ARCA stopped displaying odd-lots in their book feed a year or two ago. They are effectively hidden when routed there. Because IB uses the top-of-book quotes from the ECNs, you will not see your sell order for 90 @ 50.31 change the 50.32 offer, regardless of which market you look at or to which market the order is routed.
I have observed, in just the past few days, ARCA's streaming bookfeed, the one which incorporates INET's book and combines it with ARCA's, and this streaming bookfeed does display odd-lots, at least those resting on INET. Maybe it doesn't display odd lots resting on ARCA, but I would be surprised by such a differential treatment. I will take another look tomorrow, when the markets open.
I checked the ARCA book this morning, soon after the open. I am talking about the streaming book which includes both INET and ARCA. It definitely shows odd-lot limit orders resting on the ARCA book, as well as the INET book.
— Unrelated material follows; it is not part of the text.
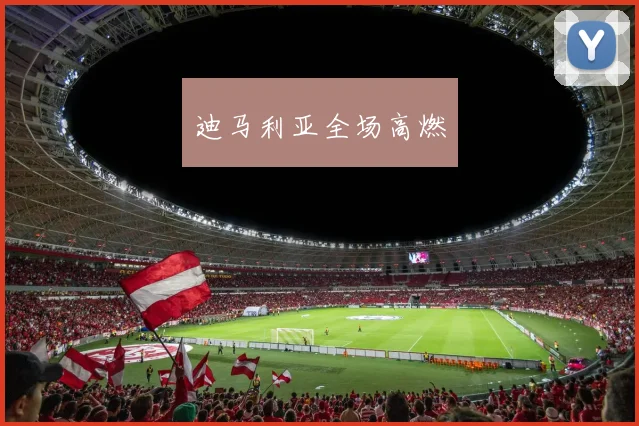 迪马利亚全场高燃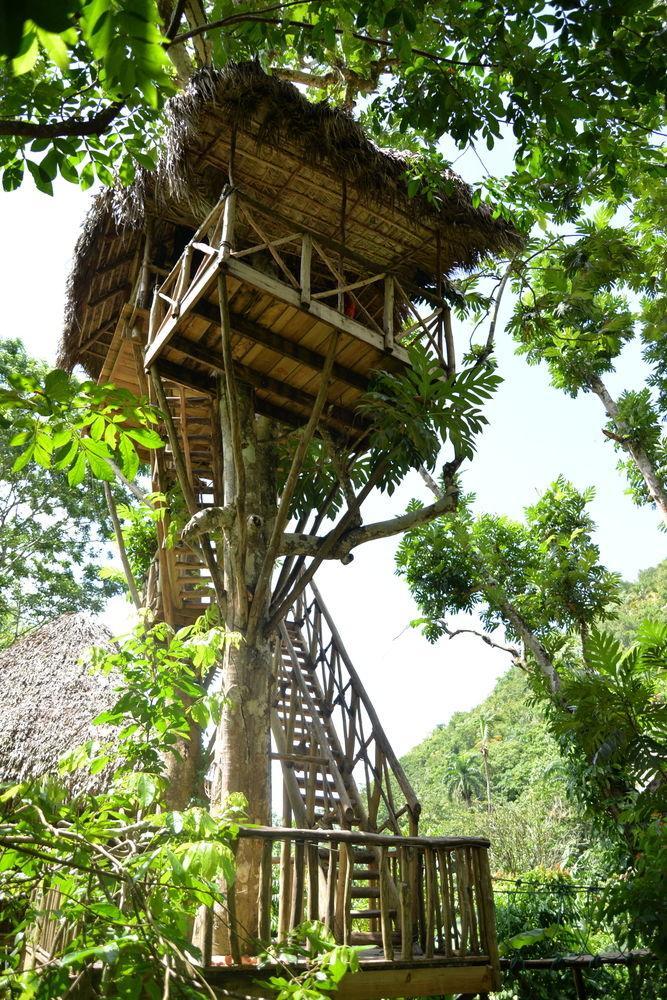 Dominican Tree House Village Santa Barbara De Samana Exteriör bild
It is easy to see this, because the total amount of shares quoted, at any level of the book, for either INET or ARCA, is usually a round lot number, but is sometimes not a round lot number (not a multiple of 100).
You are seeing mixed-lots (i.e. >100 shares, but not increments of 100 shares), not odd-lots. Just to be sure, I tested it with actual orders for both Naz and listed. Even if you join an existing round-lot bid/offer with your own odd-lot, the quote does not change. If your round-lot order gets hit and reduced to less than 100 shares, it will also disappear from the book. Odd-lots are completely invisible. The INET quotes are whatever INET's book feed provides, including odd-lots.
I tried the same test with SPY, and I got the same results as you. It is very surprising to me that the ARCA book treats INET orders different from ARCA orders, and that it treats the odd-lot portion of a mixed-lot differently from a simple odd-lot. I suspect that this is a bug, rather than a deliberate decision on the part of ARCA. I think it makes sense that this could be a bug. I don't think it would make any sense for them to want to do things this way deliberately.
You cant even enter an odd lot order on ARCA using IB, as I suggested. This may or may not be an IB only issue.
No odd-lots on ARCA is IB-specific. They don't want to pay the ridiculous $0.03/share (understandably). It's not surprising Jim. ARCA simply gets the same book feed from INET that everyone else does, and reproduces it as given. Their own policy regarding odd lots is not a bug, and is documented in one of their memos if you search for it. They simply (understandably) want to get rid of odd-lot trading on ARCA. I'll note, too, that ARCA watches out for what they perceive to be abusive odd-lot practices, like people that hit for 1 share a bunch of times to paint the tape, or hit you for 1 share to annoy you or make your order disappear, and they send exception reports to your firm to warn about the practice.
IB does allow ARCA odd-lot orders, provided they close an existing odd-lot position. IB does not allow any other ARCA odd-lot order. I still don't see what ARCA gains by treating odd-lots different from mixed-lots. It doesn't make any sense. I still think it is a bug. If ARCA wanted to eliminate all odd-lot trading, then what is stopping them from doing so?